NRES Holdings, LLC v Almanac Realty Sec. VI, LP |
2016 NY Slip Op 05100 |
Decided on June 28, 2016 |
Appellate Division, First Department |
Published by New York State Law Reporting Bureau pursuant to Judiciary Law § 431. |
This opinion is uncorrected and subject to revision before publication in the Official Reports. |
Decided on June 28, 2016
Friedman, J.P., Andrias, Saxe, Richter, Kahn, JJ.
1616 652365/15
v
Almanac Realty Securities VI, LP, Defendant-Appellant.
Forman & Shapiro LLP, New York (Robert W. Forman of counsel), for appellant.
Seward & Kissel LLP, New York (Dale C. Christensen, Jr. of counsel), for respondent.
Order, Supreme Court, New York County (Jeffrey K. Oing, J.), entered January 26, 2016, which, to the extent appealed from, denied defendant's motion to dismiss the breach of contract cause of action, unanimously affirmed, without costs.
The complaint sufficiently alleges the existence of a contract based on the credit agreement and amendments to it, pursuant to which the parties agreed that plaintiff would pay a 25% prepayment penalty on advances borrowed from defendant and a $3.8 million unused commitment fee representing 25% of the remaining funds that plaintiff had initially agreed to borrow but later opted not to borrow from defendant.
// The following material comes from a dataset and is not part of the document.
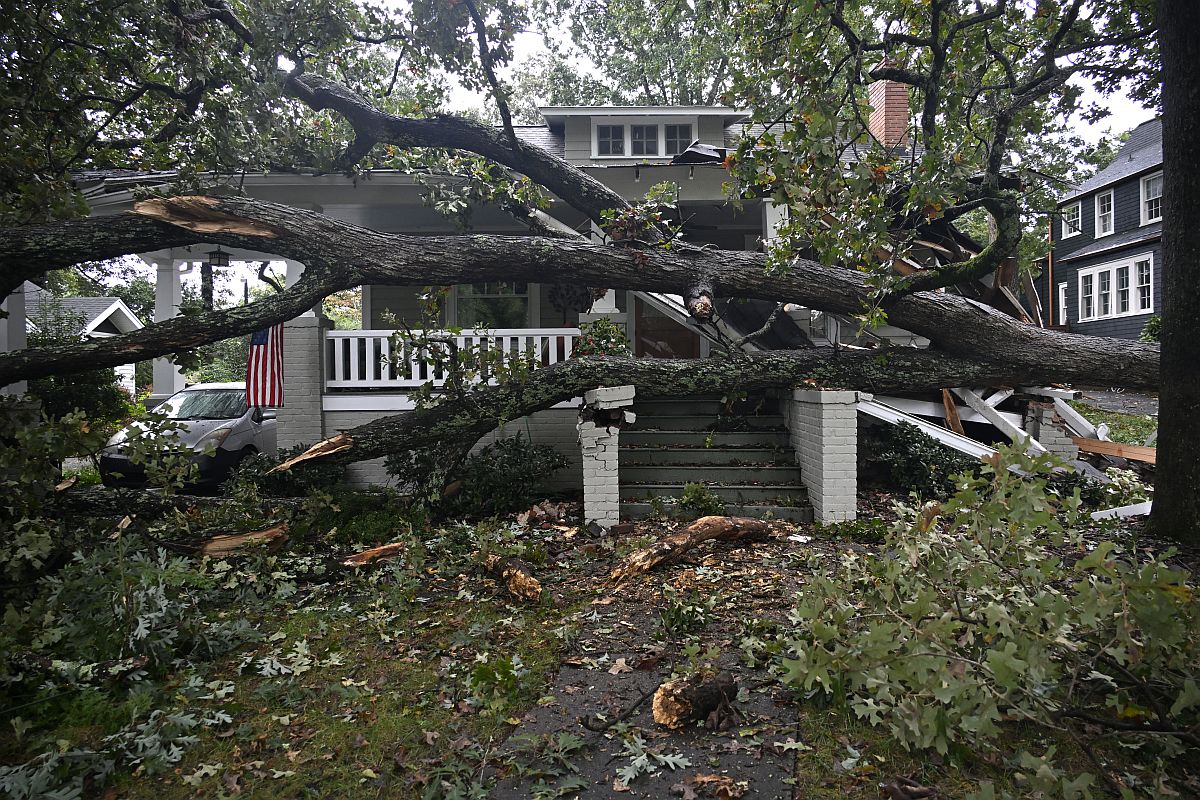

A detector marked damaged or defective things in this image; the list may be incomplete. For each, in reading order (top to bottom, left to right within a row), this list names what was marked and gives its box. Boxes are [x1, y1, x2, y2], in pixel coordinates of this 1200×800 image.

cracked brick column [576, 384, 632, 528]
cracked brick column [792, 390, 856, 524]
Defendant failed to present documentary evidence that either flatly contradicts these allegations so as to warrant dismissal pursuant to CPLR 3211(a)(7) (see David v Hack, 97 AD3d 437 [1st Dept 2012]) or conclusively establishes a defense as a matter of law so as to warrant dismissal pursuant to CPLR 3211(a)(1) (see Leon v Martinez, 84 NY2d 83, 88 [1994]). The payoff letter, signed by the parties, assesses a 25% prepayment penalty on the total "Unpaid Principal" of advances borrowed by plaintiff, but it does not reveal the underlying calculations. To ascertain that the $3.8 million was included in the total "Unpaid Principal," and treated as an advance, it is necessary to review schedules to amendments to the credit agreements; yet neither those nor any other documents cited by defendant conclusively state that the parties agreed to treat the $3.8 million as an advance, rather than a one-time fee, or otherwise to subject it to a 25% penalty. Accordingly, the fact that plaintiff signed the payoff letter and other documents is not dispositive of this
motion to dismiss (see 235 E. 4th St., LLC v Dime Sav. Bank of Williamsburgh, 65 AD3d 976 [1st Dept 2009]).
THIS CONSTITUTES THE DECISION AND ORDER
OF THE SUPREME COURT, APPELLATE DIVISION, FIRST DEPARTMENT.